Mein Schreibtisch steht in einer zimmerecke und ich würde die Boxen neben meinen TFT (22") stellen wollen, auch wenns mein jetziges system (Creative I-Trigue L3450) übertreibt, ich mags basslastig und auch gerne mal laut
aber es sollte eben auch bei gemäßigter lautstärke gut klingen..

Ausgeben würde ich insgesamt maximal 250€ (ihr dehnt es ja sowieso noch nach oben ;)). entweder nur für boxen oder, wenn eben nötig, für ne neue soundkarte und boxen - ich weiß nicht ob mein onboard reicht. (wenn mit SK vllt auch 300€ aber da is dann echt limit)

danke & mfg
psycho
Poison_Nuke
Inventar
#2 erstellt: 06. Jan 2008, 00:17
Dass der Bass nach unten geht, ist kein Problem von 2.1 Systemen, sondern dass ist das Problem von ALLEN Systemen. Denn dieses Problem ist raumbedingt und nicht Lautsprecherbedingt.

Zwei Sachen, die das ganze abmildern können:
den direkten Lautsprecherkontakt mit dem Boden vermeiden...z.B. halbierte Tennisbälle drunter oder irgendwas anderes weiche.
Und dann halt Lautsprecher nehmen, die weniger Bass haben, dnen je weniger Bass sie wiedergeben, desto weniger Bass kommt auch unten an, irgendwie logisch


Wenn es Stereo bleiben soll, dann würde die onBoard Karte definitv mehr als ausreichend sein!
Und für Stereo würde ich dann zu zwei Kompakt-Lautsprechern greifen.


Und zwar sowas in diese Richtung hier: http://www.thomann.de/de/behringer_b2030a_truth_aktivmonitor.htm

das sind aktive Nahfeldmonitore, die sind für den Schreibtischeinsatz gedacht und haben ihre eigenen Verstärker eingebaut, diese kann man direkt an die Soundkarte anschließen.
Ich selbst habe mehrere "Studio"-Monitore und bin mehr als nur zufrieden.
Es gibt natürlich noch sehr viele Alternativen zu diesen in dem Preisbereich, z.B. diese hier
http://www.thomann.de/de/tascam_vla5.htm

usw


Vorteil bei diesen Systemen: sie haben keinen so großen Tiefgang und dadurch gibt es auch nicht soviel Bass, der nach unten könnte. Andererseits sollte man die LS aber auch nicht unterschätzen, weil laut können sie trotzdem
audiophilanthrop
Inventar
#3 erstellt: 06. Jan 2008, 02:49

Poison_Nuke schrieb:
Dass der Bass nach unten geht, ist kein Problem von 2.1 Systemen, sondern dass ist das Problem von ALLEN Systemen. Denn dieses Problem ist raumbedingt und nicht Lautsprecherbedingt.

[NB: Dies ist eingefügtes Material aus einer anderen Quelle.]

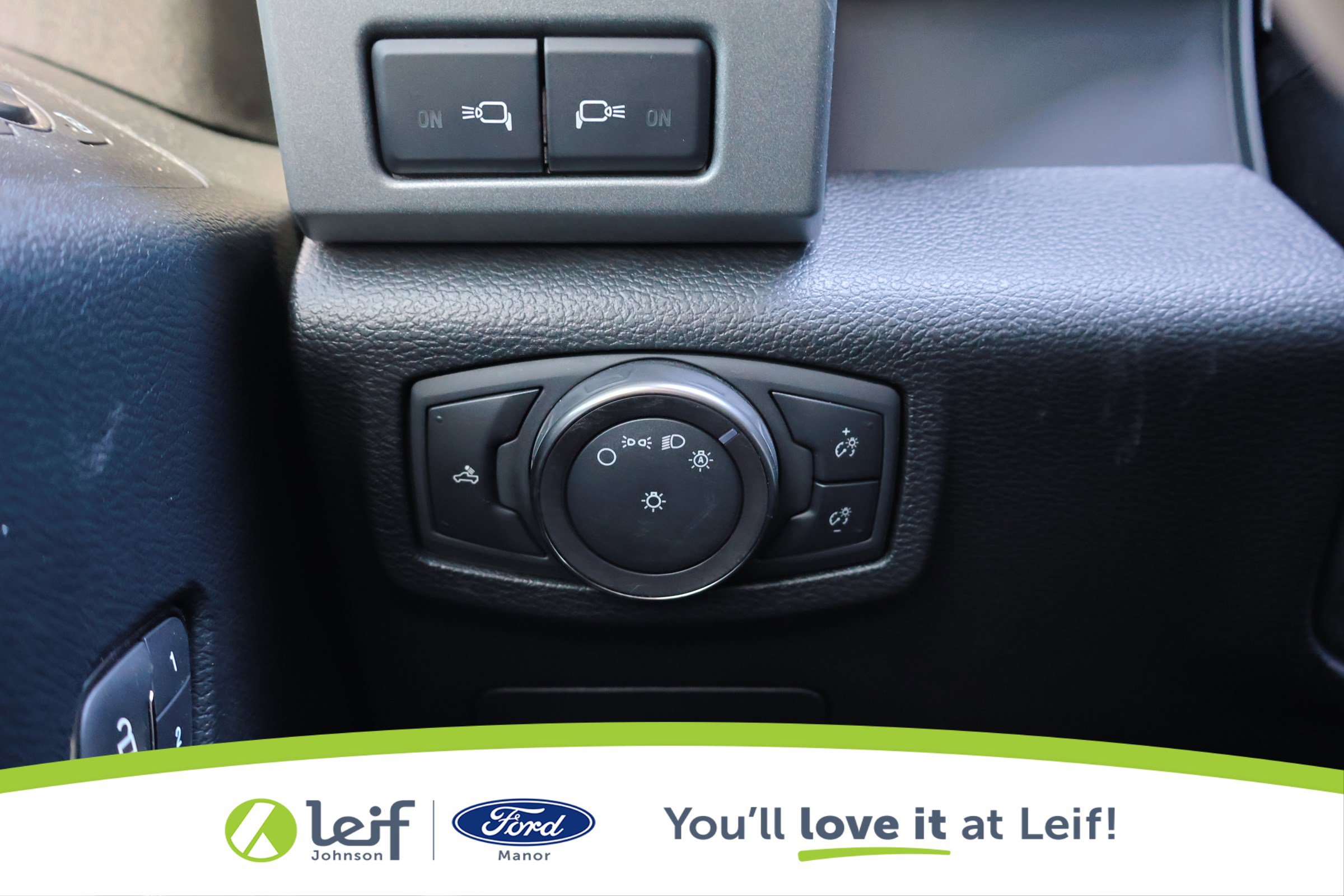 Used 2019 Ford F150 Raptor w/ Equipment Group 802A Luxury image 17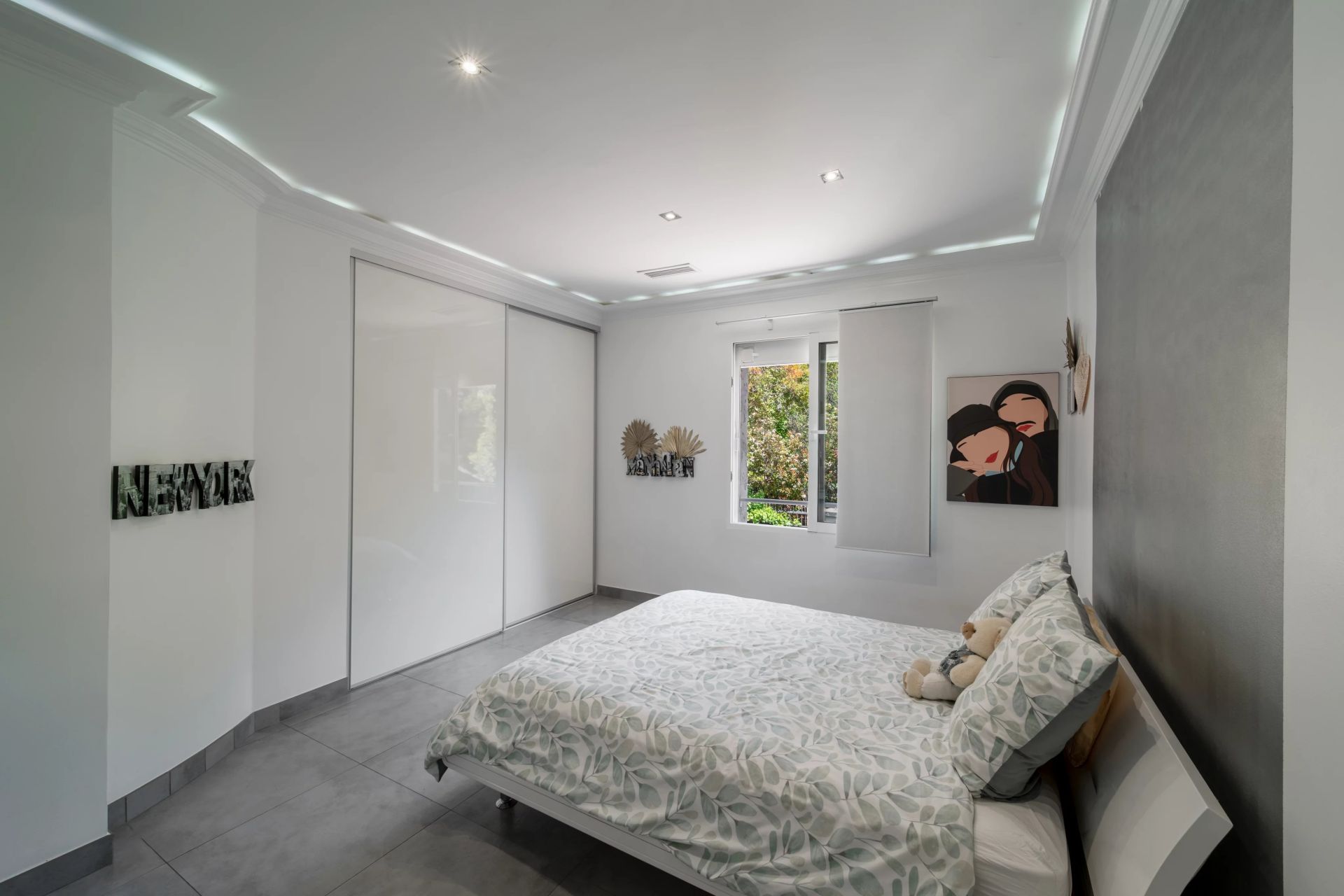 villa 9 Pièces en vente sur Cannes (06400)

Na, ein Downfire-Sub hilft da aber noch kräftig nach...

Eindeutiger Vorteil von Kompakten jeglicher Couleur: Da man sie im Normalfall auf Ständern betreibt, wird der Baß weitab des Fußbodens erzeugt - was nebenbei auch die Anregung vertikaler Raumresonanzen erheblich reduziert. (Übrigens etwas, das auch mit dem Sub des derzeitigen 2.1-Systems einen Versuch wert wäre.)

Da es ins Nahfeld gehen wird, würde ich den Vorschlag VL-A5 unterstützen (hier leisten am Rechner die VL-X5 gute Dienste) - Ständer wird man aber auch hier haben wollen, sonst vermatschen Frühreflexionen an der Tischplatte den Sound. (Hier sind sie Marke Eigenbau, gute 20 cm hoch - erhebliche Verbesserung.) Die B2030P ist nicht ganz so der Knüller, ist halt auf größere Abstände ausgelegt und hat damit zugunsten der Pegelfestigkeit eine eher hohe untere Grenzfrequenz von 75 Hz.
Poison_Nuke
Inventar
#4 erstellt: 06. Jan 2008, 11:03
der Downfire Sub trägt aber nicht soo wesentlich hinzu. Hab ja geschrieben, dass eine mechnische Entkopplung die Übertragung von Körperschall etwas minimiert. Aber viel macht es eben nicht aus. Der Löwenanteil ist der Luftschall. Und da macht die Position vom Subwoofer auch fast nichts aus, denn die Raummoden regt er so oder so an, es ist nur die Frage, wie die Schalldruckverteilung im Raum ist. Bei einer Bodenaufstellung kann es meist sogar sein, dass man den Subwoofer nicht so laut aufdrehen muss, wegen einer positiven Raumverstärkung. Wenn er höher steht könnte für gleichen Pegel am Hörplatz sogar noch mehr nach unten durchgehen.
psycho_dmr
Stammgast
#5 erstellt: 06. Jan 2008, 14:05
Das mit den Tennesbällen hatte ich bereits versucht - bringt aber kaum was.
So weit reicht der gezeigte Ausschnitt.